Stored dataset items
● ● ● ● ●

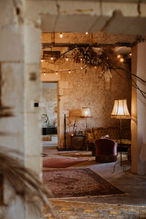 Location fauteuils crapauds, canapés en velours, tapis, luminaires, malles, radios, guéridons, guirlandes "guinguette"... décoration, vaisselle & mobilier vintage pour mariages et évènements professionnels.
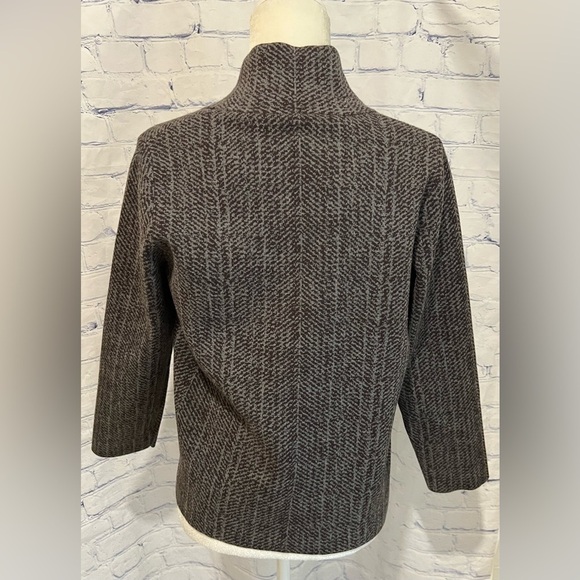 Carlisle New York polyester/spandex blend sweater/jacket size small - Picture 5 of 8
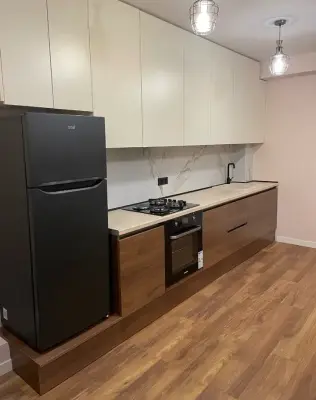 2-комн., 42 м², 1/2 эт., улица Алабяна 57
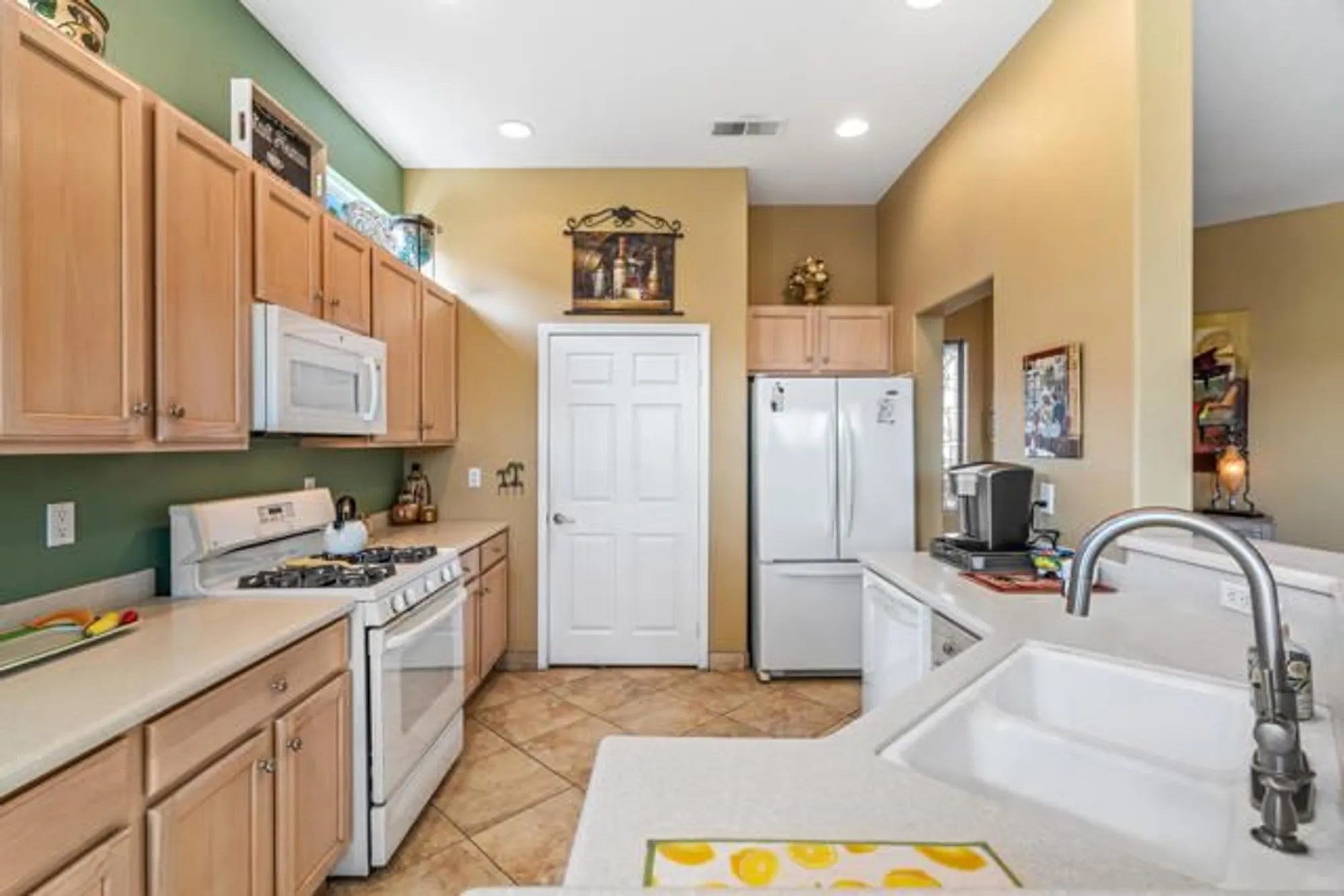 Property Slideshow image 16 of 51 | 43774 royal saint george dr, Indio, CA, 92201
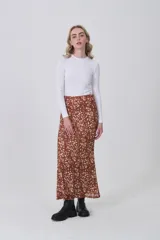 Falda larga de corte recto con estampado animal print en tonos marrones y negros. Confeccionada en tejido ligero y fluido.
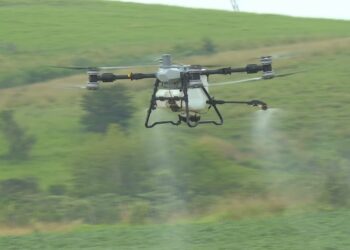 Drones ganham espaço na agricultura e ajudam em pesquisas sobre qualidade do solo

● ● ● ● ●

Set down, word for word, only the lines running from the line with "Carlisle New York" through the final line of the entries above, omitting all pictures.

• _Written response_
 Carlisle New York polyester/spandex blend sweater/jacket size small - Picture 5 of 8
 2-комн., 42 м², 1/2 эт., улица Алабяна 57
 Property Slideshow image 16 of 51 | 43774 royal saint george dr, Indio, CA, 92201
 Falda larga de corte recto con estampado animal print en tonos marrones y negros. Confeccionada en tejido ligero y fluido.
 Drones ganham espaço na agricultura e ajudam em pesquisas sobre qualidade do solo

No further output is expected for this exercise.